Padangan dari ketiga hukum yang di emban oleh ketiga kepemangkuan tersebut yang memiliki makna bahwa dalam kehidupan ini terdapat kesimbangan hubungan yang di yakini oleh masyarakat adat paer bayan, yaitu : Hubungan antar Tuhan dan Manusia, kemudian Hubungan manusia dengan sesama manusia serta Hubungan manusia dengan alam. Sedangkan urgensi dari folosofi adat Wettu Telu dalam sistem pengelolaan hutan yang di yakini sebagai bentuk inplementasi hubungan manusia dengan alamnya yang patut di syukuri sebagai pemberian atas rahmat Tuhan berupa potensi hutan dan isi yang ada di dalamnya untuk kemudian wajib hukumnya untuk di pelihara, di jaga dan di lestarikan karenanya dari potensi Hutan tersebut akan memberikan kehidupan dan mendatangkan banyak manfaat bagi keselematan manusia beserta mahluk-mahluk yang lainnya.

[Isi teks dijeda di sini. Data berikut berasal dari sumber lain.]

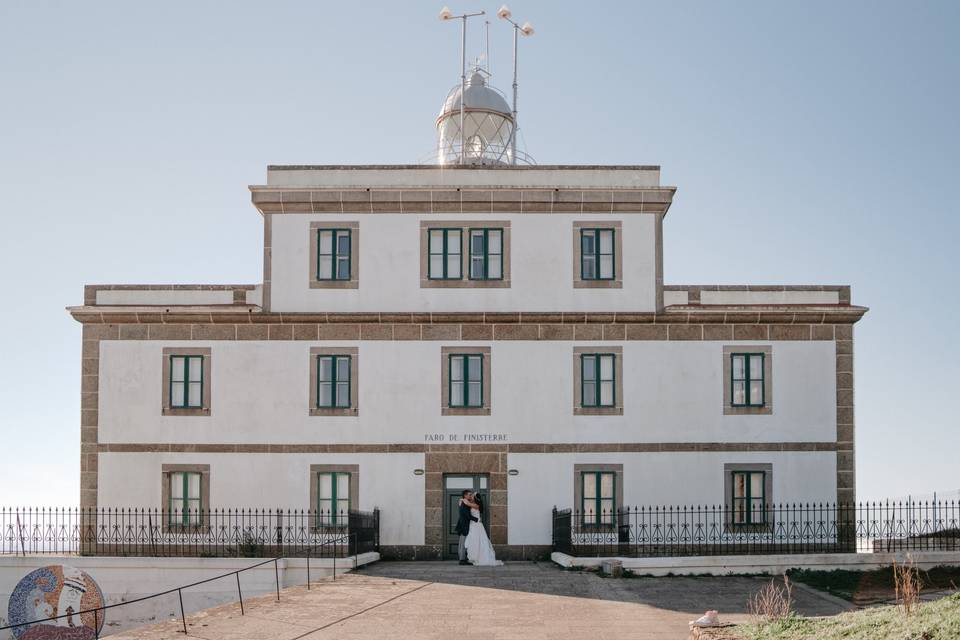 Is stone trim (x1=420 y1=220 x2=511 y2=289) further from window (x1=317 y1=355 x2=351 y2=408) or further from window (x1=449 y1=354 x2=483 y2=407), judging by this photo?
window (x1=317 y1=355 x2=351 y2=408)

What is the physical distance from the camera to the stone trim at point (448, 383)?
25.9 meters

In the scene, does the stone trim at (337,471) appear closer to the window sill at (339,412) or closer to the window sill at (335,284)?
the window sill at (339,412)

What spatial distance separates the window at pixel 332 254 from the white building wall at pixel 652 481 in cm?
655

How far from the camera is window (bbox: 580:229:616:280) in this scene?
26.5 metres

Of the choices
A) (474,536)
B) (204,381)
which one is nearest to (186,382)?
(204,381)

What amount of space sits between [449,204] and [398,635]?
561 inches

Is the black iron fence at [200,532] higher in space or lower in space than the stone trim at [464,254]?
lower

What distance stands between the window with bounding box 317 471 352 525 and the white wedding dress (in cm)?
373

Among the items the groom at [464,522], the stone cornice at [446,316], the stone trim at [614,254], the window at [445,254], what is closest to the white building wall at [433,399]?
the stone cornice at [446,316]

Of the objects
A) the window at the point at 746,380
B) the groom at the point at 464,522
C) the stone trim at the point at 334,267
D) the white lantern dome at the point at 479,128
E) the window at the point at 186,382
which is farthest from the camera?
the white lantern dome at the point at 479,128

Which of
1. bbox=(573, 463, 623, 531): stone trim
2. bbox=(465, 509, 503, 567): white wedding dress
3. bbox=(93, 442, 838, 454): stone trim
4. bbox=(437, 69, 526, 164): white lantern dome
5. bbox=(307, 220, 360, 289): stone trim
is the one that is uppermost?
bbox=(437, 69, 526, 164): white lantern dome

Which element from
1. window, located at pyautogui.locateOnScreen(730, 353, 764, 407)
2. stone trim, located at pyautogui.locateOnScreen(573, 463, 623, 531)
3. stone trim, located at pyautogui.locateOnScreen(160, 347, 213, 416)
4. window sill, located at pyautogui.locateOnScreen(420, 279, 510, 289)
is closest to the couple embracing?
stone trim, located at pyautogui.locateOnScreen(573, 463, 623, 531)

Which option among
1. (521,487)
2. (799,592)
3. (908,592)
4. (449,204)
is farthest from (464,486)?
(908,592)

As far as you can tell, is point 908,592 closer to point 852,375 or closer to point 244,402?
point 852,375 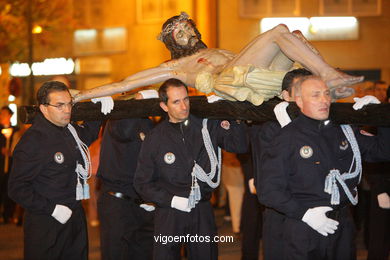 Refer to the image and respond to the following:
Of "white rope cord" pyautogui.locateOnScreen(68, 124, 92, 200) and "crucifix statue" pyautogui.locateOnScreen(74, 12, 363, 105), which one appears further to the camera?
"white rope cord" pyautogui.locateOnScreen(68, 124, 92, 200)

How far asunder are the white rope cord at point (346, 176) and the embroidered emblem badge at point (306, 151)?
8.0 inches

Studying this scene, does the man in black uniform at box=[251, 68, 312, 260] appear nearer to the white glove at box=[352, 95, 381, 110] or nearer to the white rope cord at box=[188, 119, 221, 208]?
the white rope cord at box=[188, 119, 221, 208]

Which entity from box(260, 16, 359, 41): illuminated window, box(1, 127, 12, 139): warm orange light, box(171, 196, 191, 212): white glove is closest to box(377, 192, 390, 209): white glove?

Namun sebaliknya apabila potensi hutan tidak di pelihara, di jaga dan di lestarikan maka akan mendatangkan malapetaka bagi kehudupan, baik manusia maupun mahluk yang lainya, oleh sebab itu masyarakat adat melalui filosofi adat yang di yakininya dalam rangka pengelolaan hutan di wujudkan dalam bentuk Pelaksanaan Kegiatan-Kergiatan ritual adat, Penjagaan kawasan hutan oleh Maq Lokaq, Penegakan aturan ( Awiq-Awiq ) serta pemanfaatan potensi hutan secara komunal dengan mempertimbangkan kelestarian lingkungan atas izin para toaq lokaq ( Penganggo adat ) sesuai hukum atau aturan adat yang berlaku.